Records from a data collection:
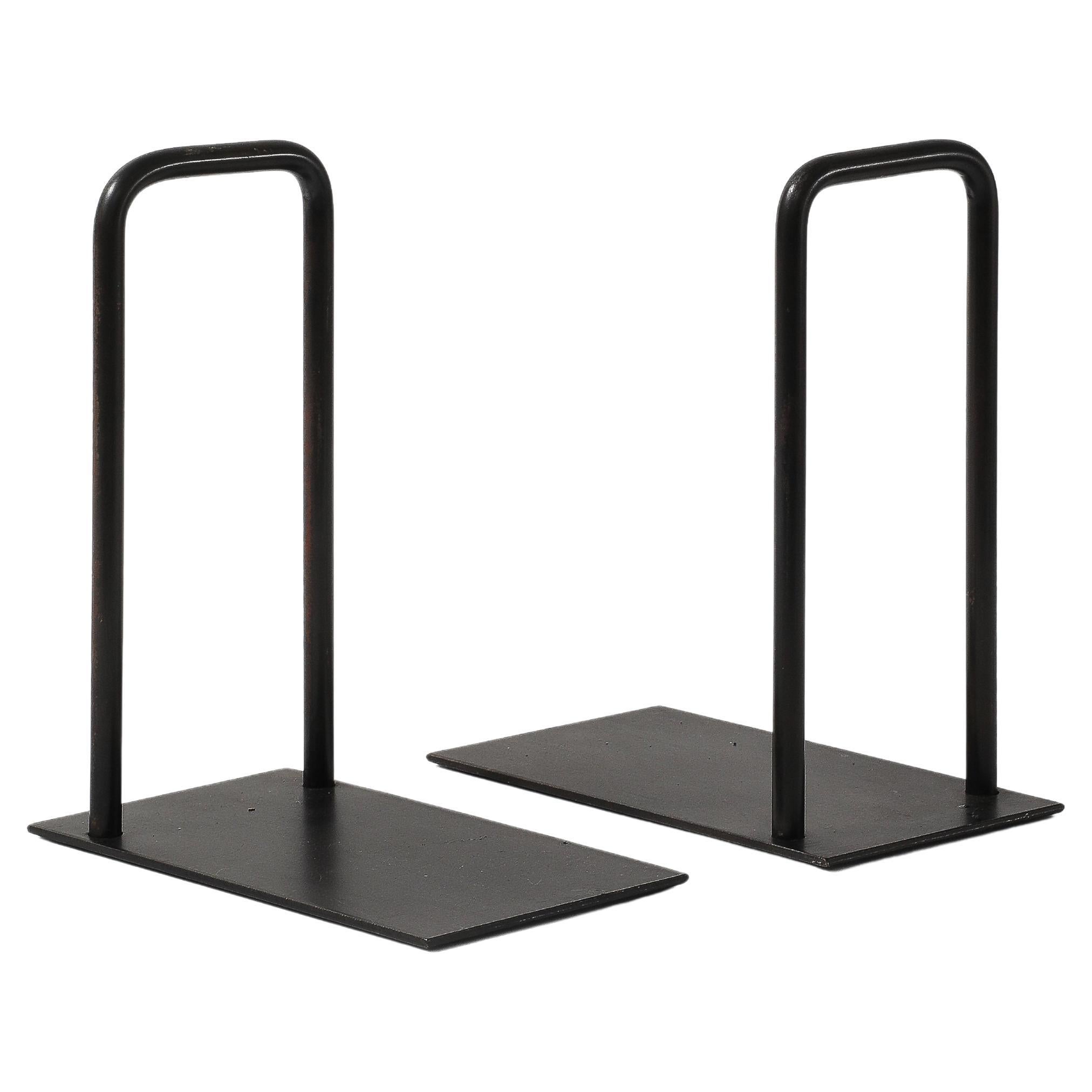 Reggilibri in acciaio fabbricati su misura, firmati dall
artista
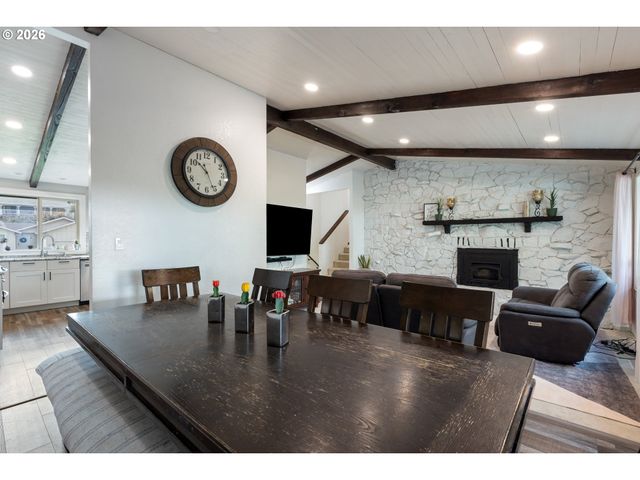 2382 Nw ESQUIRE Dr, Roseburg, OR 97471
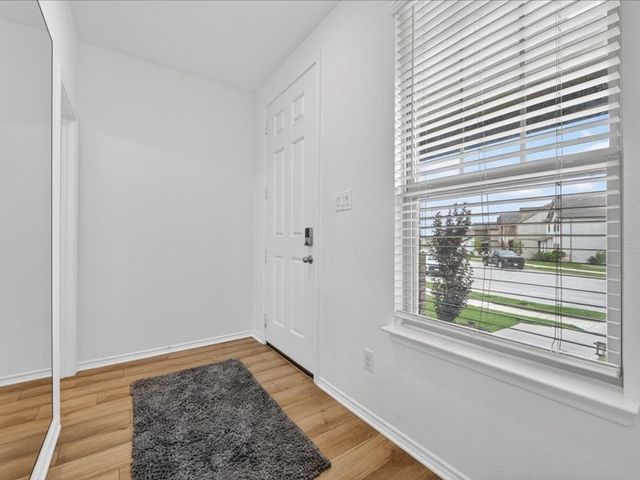 2921 Dixondale Drive, Fort Worth, TX 76108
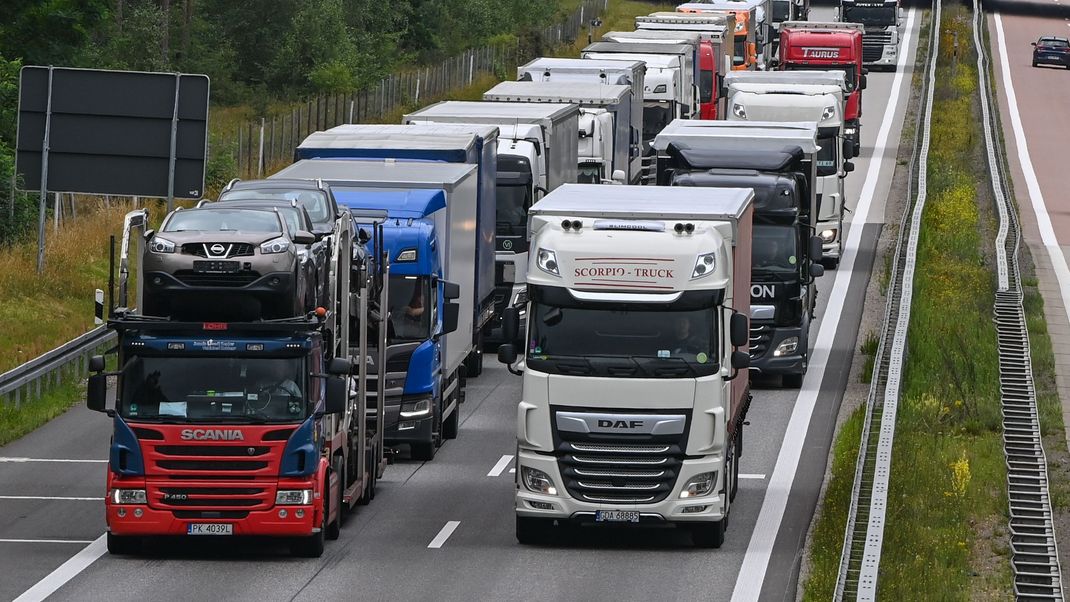 Österreich macht Grenzen wegen Tag der Deutschen Einheit dicht: 110 Kilometer Stau am Brenner – Italien tobt vor Wut. (Symbolbild)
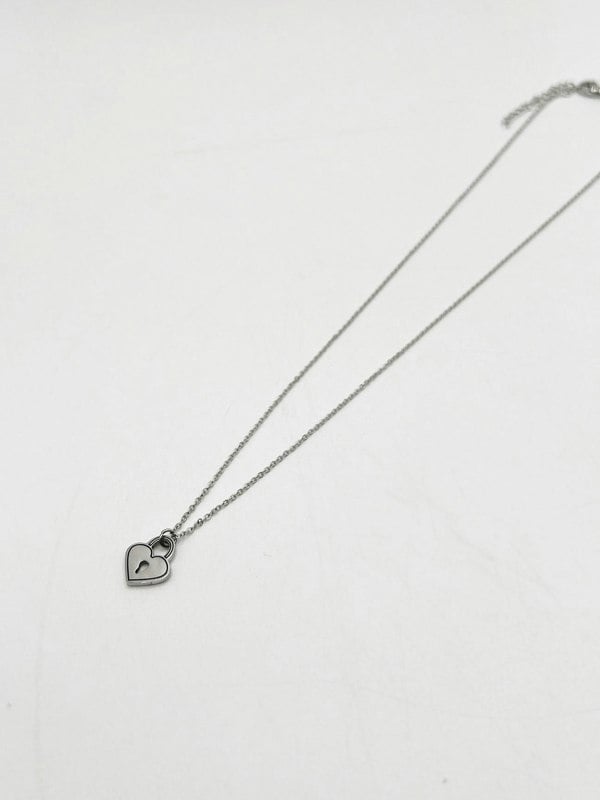 SVNX Heart Keyhole Necklace in Silver Colour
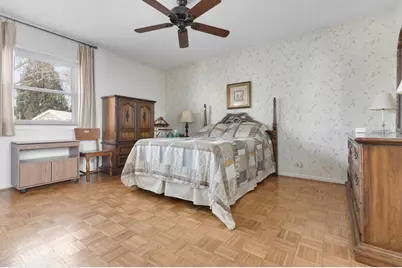 620 Chelmsford Lane, Elk Grove Village, IL 60007 - Photo 13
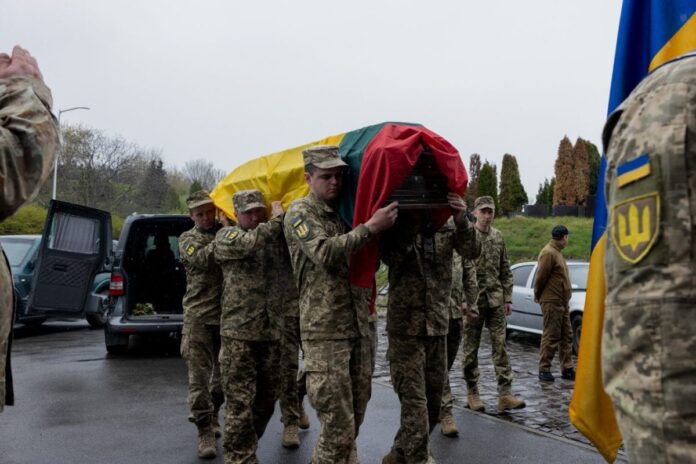 ukraine-receives-bodies-of-909-soldiers-in-latest-repatriation-with-russia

Exercise>
Quote the preceding records in their entirety, excluding every picture.

Exercise result>
 Reggilibri in acciaio fabbricati su misura, firmati dall
artista
 2382 Nw ESQUIRE Dr, Roseburg, OR 97471
 2921 Dixondale Drive, Fort Worth, TX 76108
 Österreich macht Grenzen wegen Tag der Deutschen Einheit dicht: 110 Kilometer Stau am Brenner – Italien tobt vor Wut. (Symbolbild)
 SVNX Heart Keyhole Necklace in Silver Colour
 620 Chelmsford Lane, Elk Grove Village, IL 60007 - Photo 13
 ukraine-receives-bodies-of-909-soldiers-in-latest-repatriation-with-russia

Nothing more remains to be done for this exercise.